L’omologazione al pensiero unico, il politically correct e l’azione che in Programmazione Neuro Linguistica (PNL) si definisce “debunker” è tipica del radical-chic. Egli per paura, per convenienza o per ignoranza pensa ciò che è dato pensare alle masse, ed è quindi il prodotto di una certa informazione, cultura e stile di vita tipico dell’Americanismo in tutte le sue declinazioni compresa la variante di sinistra. Per fare una traslazione italiana di questo fenomeno se lo spettatore Mediaset ha Maria De Filippi e Barbara D’Urso come guru, il radical chic ha Jovanotti e Benigni. Solo questi ultimi però sono definiti paladini della cultura.

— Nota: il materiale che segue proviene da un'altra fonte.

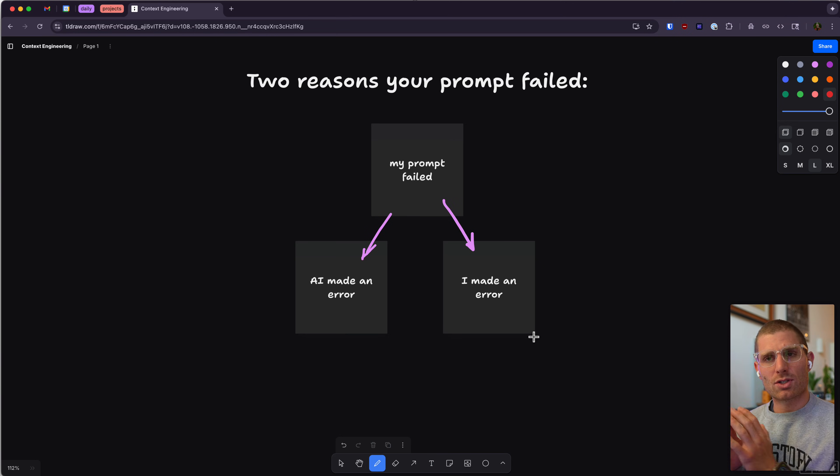Prompting can be really hard, and prompting for vibe coding just means asking AI to write code — to take what's in our head and turn it into a working application. It's no surprise that that's a really hard thing to do. Today I'm going to break down exactly why your prompts fail and talk about my approach to context engineering that I think will help you get unstuck on most of your vibe coding and really any other prompt to AI.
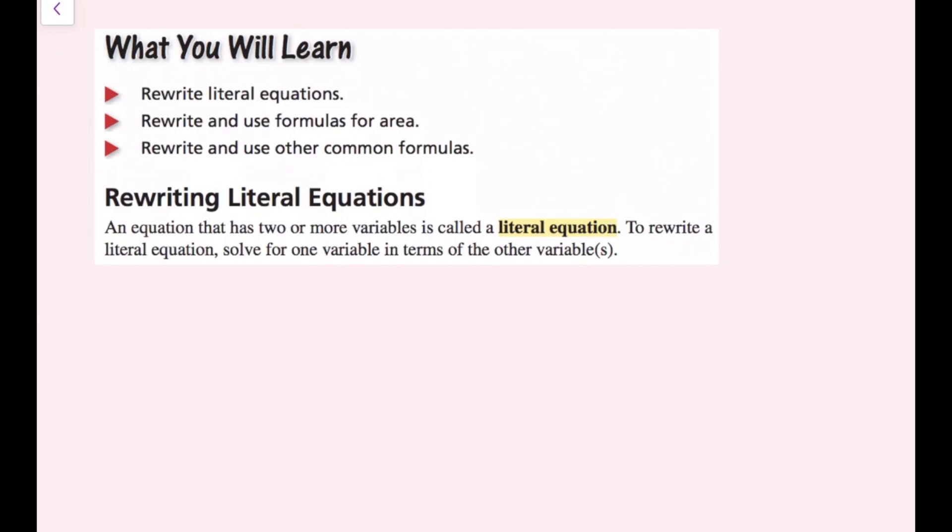In this video lesson we're going to talk about literal equations. You'll learn how to rewrite literal equations, rewrite and use formulas for area, and rewrite and use other common formulas.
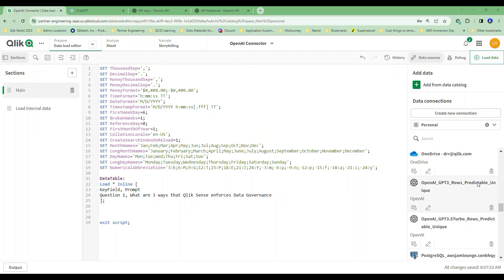I'm here in my load editor and I've got a question I want to ask the OpenAI API: what are three things that Qlik Sense enforces for data governance? It's a legitimate question, and I want this AI solution to give me an answer. I'm a little biased of course, being the Qlik dork. I've already got a couple of connections to OpenAI out there.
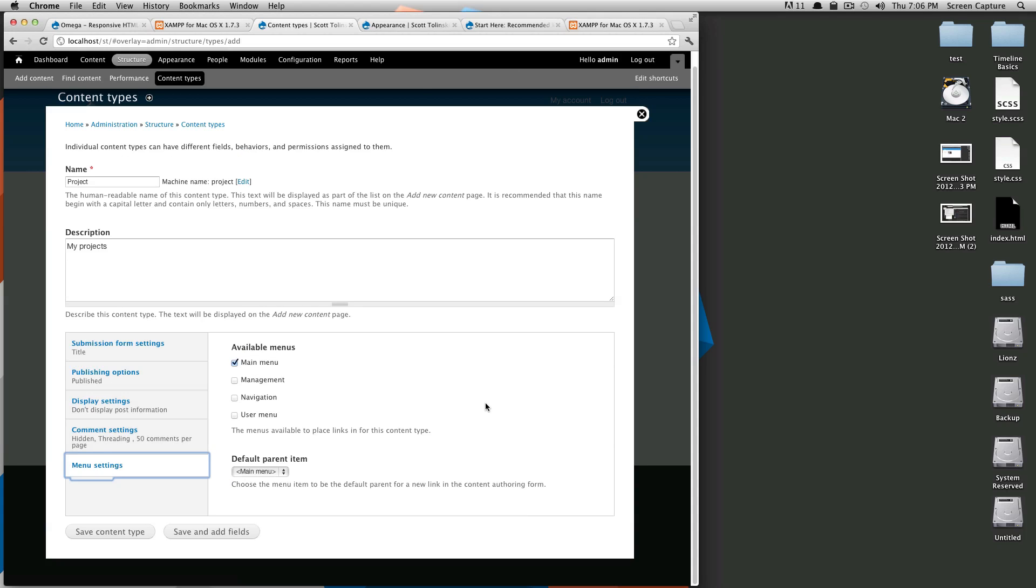So menu settings. This is when you create your content it asks you if you want to put it in a menu. These things are not going to go in any menu in particular so I'm just not going to have any available menus for now.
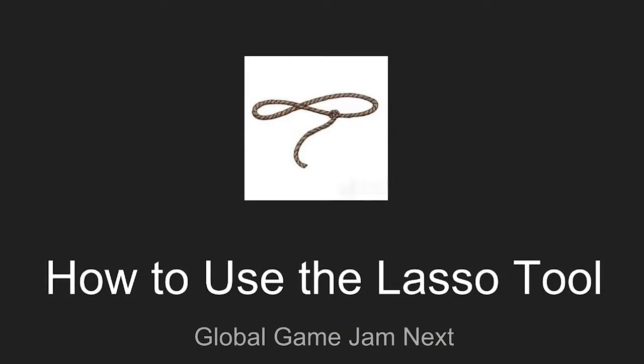Hey there, Jammers. This is Ryan Bowne from the University of Utah. In this video, we're going to look at the lasso tool in Photoshop. So let's jump right in.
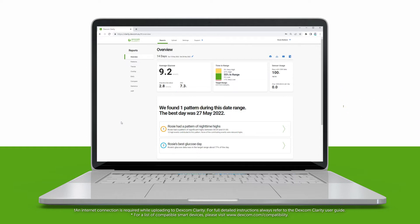Alternatively, if you are using your Dexcom CGM app on your phone, your data is automatically sent to Clarity. There is no need for you to make any manual uploads. You still have the option to view your data in the web version, even if using the Dexcom CGM app.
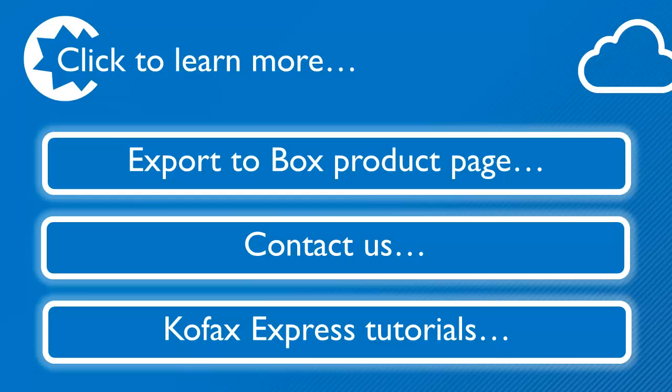This video just touched the surface of what you can do with the Box Kofax Capture solutions. Press any of the buttons below to learn more.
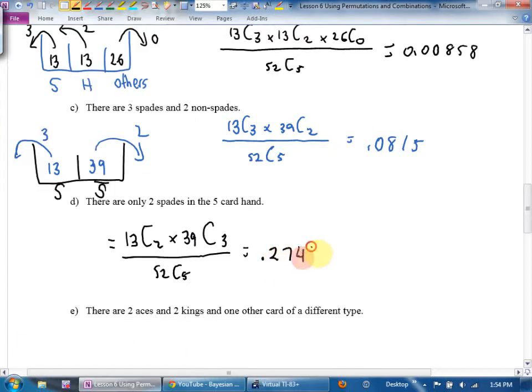About a 27% chance — that makes sense. Getting two of the same suit isn't that unlikely out of five cards. So I've got about a one in four chance of getting exactly two spades. Getting two spades isn't a great poker hand.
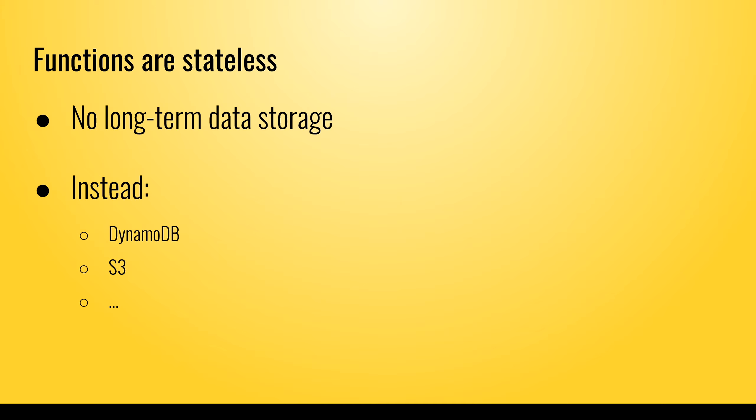Now Amazon can achieve the scalability because Lambda functions are stateless. That means that you cannot store data in your Lambda functions for long periods of time. For that, you have to use another service like DynamoDB.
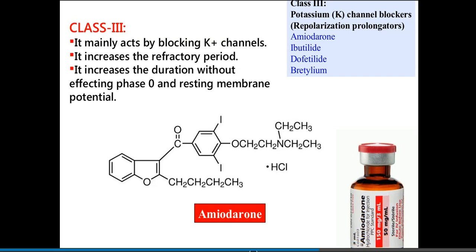Class 3 drugs are potassium channel blockers, also known as repolarization prolongators. By blocking potassium channels, they increase the refractory period and increase action potential duration without affecting phase zero or resting membrane potential. Drugs in this class include amiodarone, ibutilide, dofetilide, and bretylium.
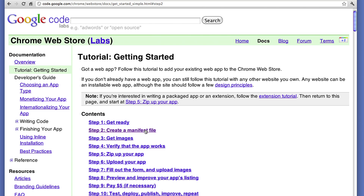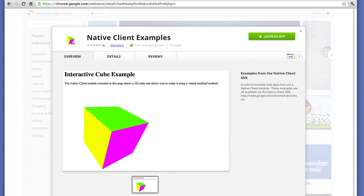Once your project is done, you need to package it as a Chrome Web Store app. This way, you'll be able to reach more than 200 million Chrome users.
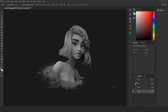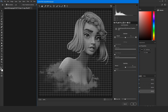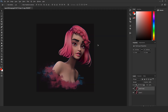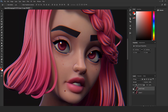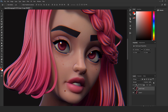Now select the blue channel and do the same again, but this time set the distortion value to minus 2. Toggle the visibility of the layer to see the effect, and use the opacity slider to tweak the strength of the effect.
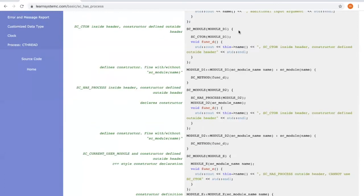Module D shows SC_CTOR and SC_HAS_PROCESS can be used interchangeably as long as we put the marker inside the class header.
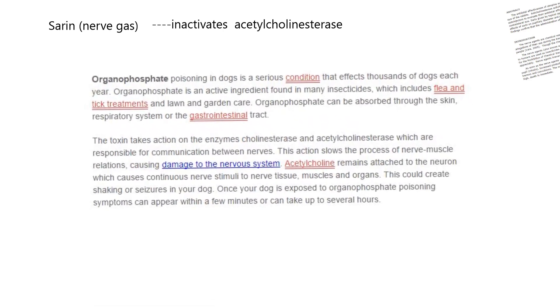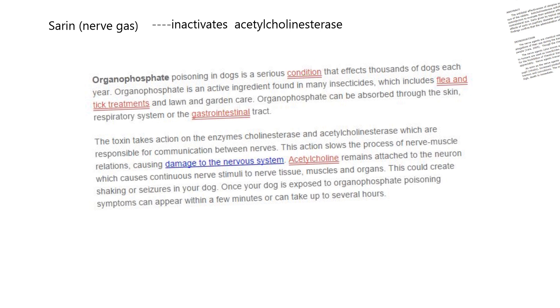Here's a clip of an article about poisoning in dogs by these compounds. It says organophosphate poisoning in dogs is a serious condition that affects thousands of dogs each year — I didn't realize it was that prevalent. The insecticides and sarin gases are dangerous, but it's interesting to know that the antidote for those is atropine.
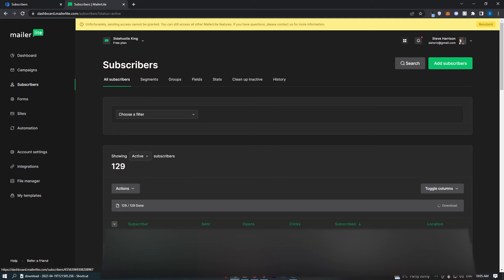Go ahead and click on this, and then as you can see, it says the file is ready for download.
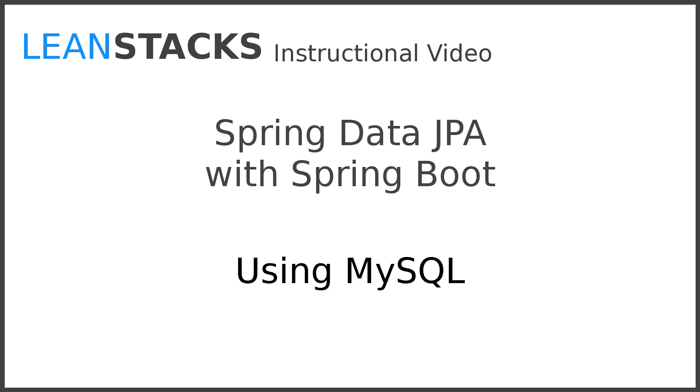I hope that you've enjoyed this video. Subscribe to the LeanStacks YouTube channel and follow the LeanStacks Google Plus page to receive updates as new videos are published. As always, you can find more information on LeanStacks.com. To view the complete repository illustrated in this video, see the GitHub repository URL in this video's description.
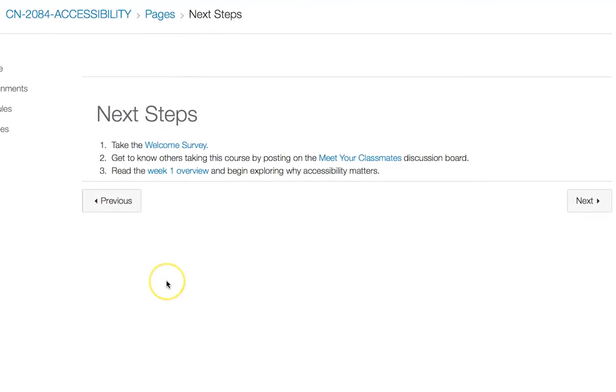On the Next Steps page, there is a welcome survey and a Meet Your Classmates discussion to get to know your peers. When completed, move on to the Week 1 content.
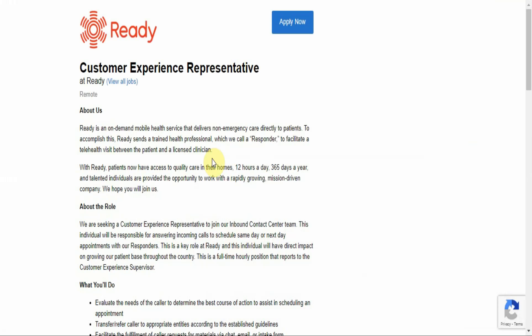So without further ado, here is today's way to earn money online, and it is, as I said, a job opportunity from a company called Ready, and they are looking for a customer experience representative to work remotely or work from home.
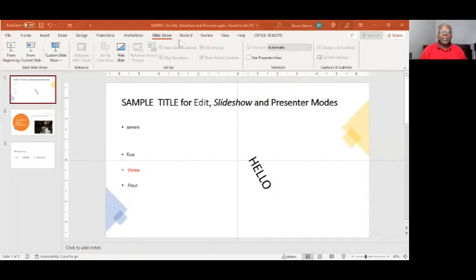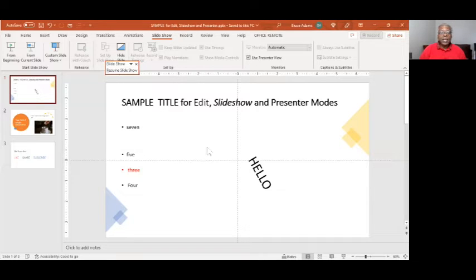We have to go to the menu — if you go to Slideshow and use Presenter View. Now once you hit F5...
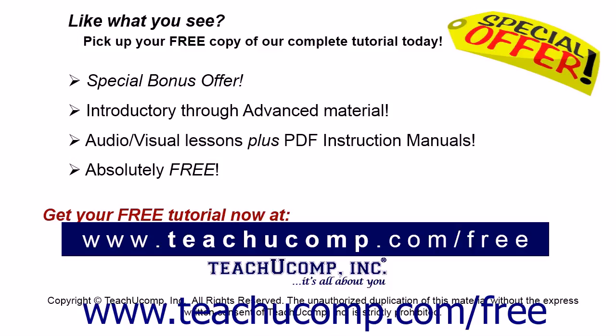Like what you see? Pick up your free copy of the complete tutorial at www.teachucomp.com forward slash free.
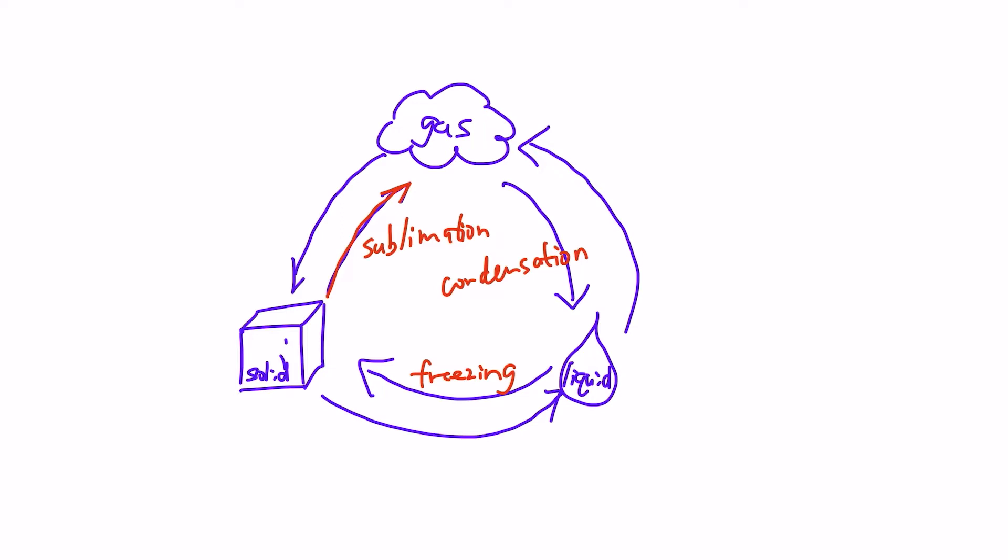Now going counterclockwise, from solid to liquid it is called melting, just like what we describe snow with. The snow melts when the temperature gets hotter, right?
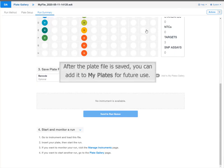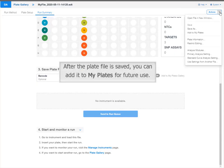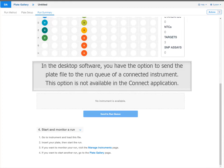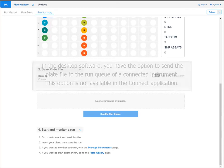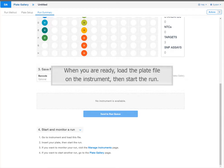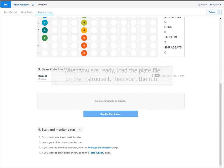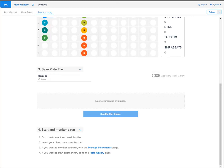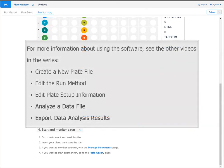After the plate file is saved, you can add it to My Plates for future use. In the desktop software, you have the option to send the plate file to the run queue of a connected instrument. This option is not available in the Connect application. When you are ready, load the plate file on the instrument then start the run. This concludes the Edit the Plate Setup tutorial. For more information about using this software, including analyzing a data file and exporting results, see the other videos in the series.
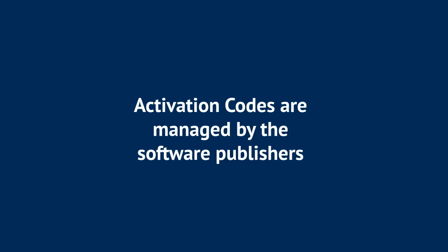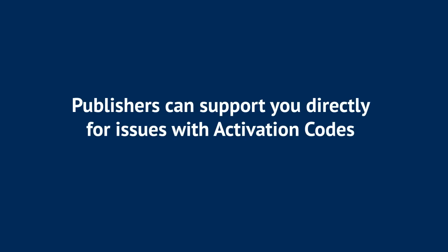Activation codes are configured, generated, and managed completely by the publisher. All publishers have the tools to fully support you directly if you have any issues with the codes.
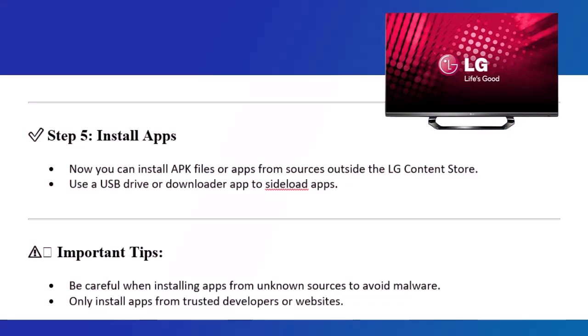Step 5: Install Apps. Now you can install APK files or apps from sources outside the LG Content Store. Use a USB drive or downloader app to sideload apps.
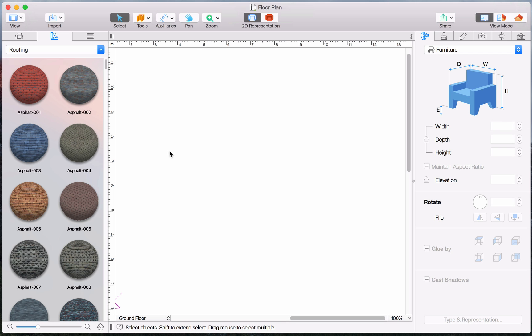This tutorial demonstrates creating a floor plan in Live Home 3D. The first thing you need to do before creating a floor plan is to set the scale and measurement units for the given project.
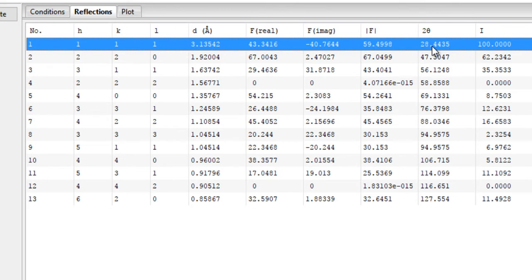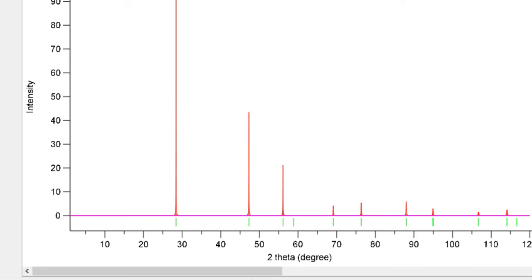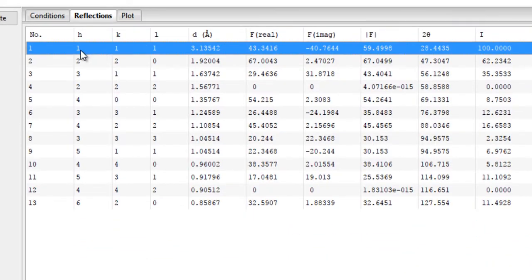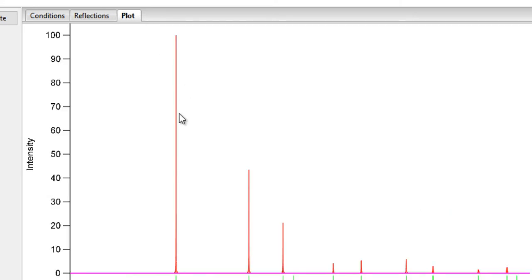The peak at 28 degrees right here has the Miller indices 111, that is it corresponds to the 111 plane. Then you have the intensity. As you can see, it was the highest intensity peak in this whole pattern, so it has been normalized to 100%.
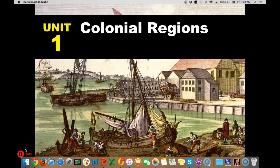Hello, welcome to our unit 1 notes on colonial regions. We're going to talk today about the personality that develops for each of these colonial regions. We think of these as 13 original colonies, but we have to remember this is a very large area and they all have different individual characteristics as far as climate, industry, and agriculture.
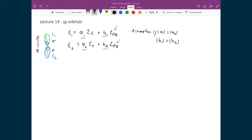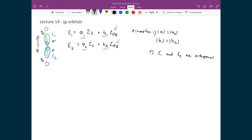Our second assumption is that ξ₁ and ξ₂ are orthogonal. This is essentially the statement that we have two hybridized orbitals representing two distinct states, so we can place a pair of electrons into each state. When hydrogen bonds are formed on each side, each bond will contain a pair of shared electrons, so these must be two distinctly different states with electrons in spin-up and spin-down configurations. We require orthogonality so they represent two independent states. Let's apply this orthogonality condition as a first step to solving for the four constants.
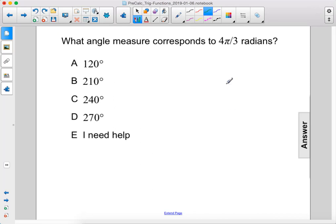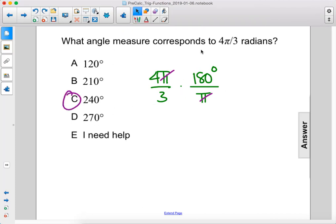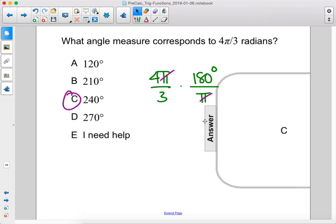What angle measure corresponds to 4 pi over 3 radians? We're starting out with 4 pi over 3 radians. We want to end up with degrees, so we put 180 degrees up here, and then we're going to cancel out the radians, so we have pi on bottom. The pi's cancel. 4 times 180 divided by 3 is 240 degrees. The answer is C.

Del politically correct sappiamo abbastanza oramai, il debunking è invece un metodo abbastanza nuovo. Il debunker mira a screditare con ogni mezzo, dalla teoria scientifico-dogmatica all’ironia sprezzante, tutte quelle visioni e impostazioni di pensiero che si muovono al di là degli schemi impostati. Per cui una tesi conservatrice su popoli e identità nazionali sarà additata dal debunker come becero razzismo, così come in scienza ipotesi differenti dall’evoluzionismo saranno tacciate di fantasticherie da romanzo o da religione. Fortemente dissonante è poi tutta la questione della rieducazione gender ma più ingenerale di tutti i comportamenti legati al sesso sul web. Si invocano i principi della liberazione sessuale e del femminismo – che però avevano ben altre origini culturali e storiche – e poi si è subito pronti col voyerismo on line sulle foto di questa o quella subrette o giornalista, attaccandola con virulenza per gli scatti hot. Si invoca il gender in nome di una fittizia libertà a contraffare la propria naturale sessualità – maschile, femminile o omossessuale – ma allo stesso tempo lo si impone dappertutto come il comportamento giusto da attuare. Infine c’è un aspetto della questione che è legato alle ricadute riguardo la formazione della persona umana.

Negli ultimi giorni abbiamo sentito il caso di Lavagna, il giovane suicida a seguito di un’indagine per spaccio nei suoi confronti. Ora al di là della discutibilità o meno del fatto giudiziario in sé e del rapporto madre-figlio, sono cariche di rancore oltre che di saccenza le accuse che si fanno alla madre sul web. Questa cosa va in nome di un laissez-faire poco raccomandabile sulla questione droghe, stile di vita e consumo dei social-network. Ricordiamo che in Italia la definizione radical-chic venne attraverso una lettera di Montanelli a Camilla Cederna, che con i suoi presunti modi “pro-libertà di pensiero” sottovalutava il nascente terrorismo ideologico. Allo stesso modo nei confronti della madre del giovane di Lavagna, senza sapere neanche come sono andati i fatti si grida al proibizionismo, alle negazioni delle libertà e altre belle parole tipiche dell’armamentario radical. In questo modo si sottovaluta il dato essenziale invocato dalla madre del ragazzo riguardo la perdita di dialogo umano sostituito dalle chat. A questo aggiungerei la perdita dell’assunzione di responsabilità giuste o sbagliate che siano, in questo caso il fumare e vendere cannabis. Il lasciare andare riguardo questi modi di fare, così come all’epoca avveniva col terrorismo, è tra l’altro sempre una strategia delle élite per soggiogare i popoli e controllarne le menti.